EXERCISE AIM >>
Write out each line of the records that has "Other" in it.

EXERCISE DATA >>
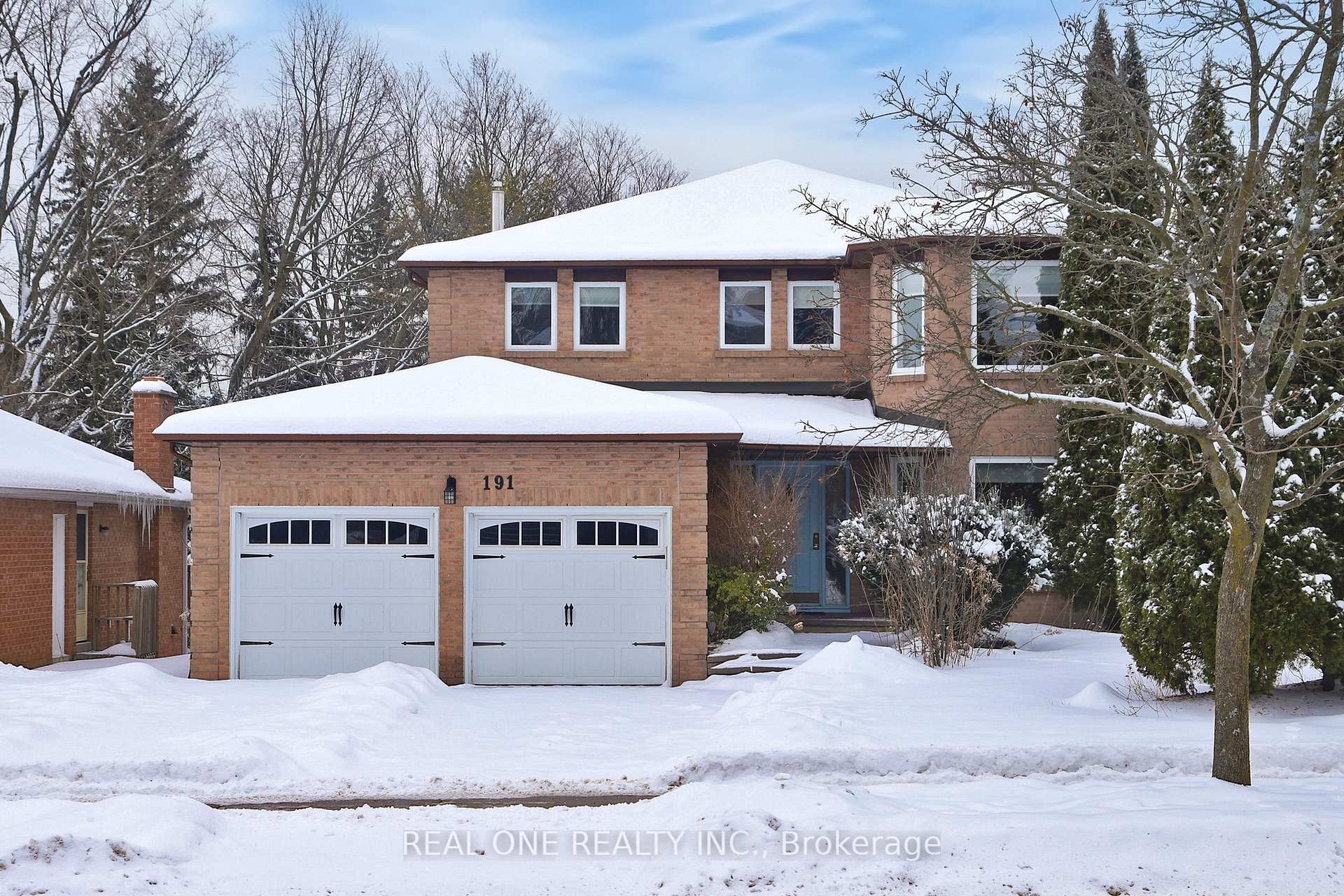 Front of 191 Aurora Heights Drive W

---

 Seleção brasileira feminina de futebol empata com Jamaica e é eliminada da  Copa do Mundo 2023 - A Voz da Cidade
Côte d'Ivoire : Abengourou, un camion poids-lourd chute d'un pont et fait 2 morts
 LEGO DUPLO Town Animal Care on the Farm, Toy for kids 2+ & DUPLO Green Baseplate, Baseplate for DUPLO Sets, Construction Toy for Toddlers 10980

--

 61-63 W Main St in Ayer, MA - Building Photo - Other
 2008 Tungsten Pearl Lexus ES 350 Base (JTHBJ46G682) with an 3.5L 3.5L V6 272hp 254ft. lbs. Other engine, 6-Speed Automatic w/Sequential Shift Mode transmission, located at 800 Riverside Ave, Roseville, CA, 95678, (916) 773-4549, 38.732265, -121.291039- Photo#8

EXERCISE OUTPUT >>
 61-63 W Main St in Ayer, MA - Building Photo - Other
 2008 Tungsten Pearl Lexus ES 350 Base (JTHBJ46G682) with an 3.5L 3.5L V6 272hp 254ft. lbs. Other engine, 6-Speed Automatic w/Sequential Shift Mode transmission, located at 800 Riverside Ave, Roseville, CA, 95678, (916) 773-4549, 38.732265, -121.291039- Photo#8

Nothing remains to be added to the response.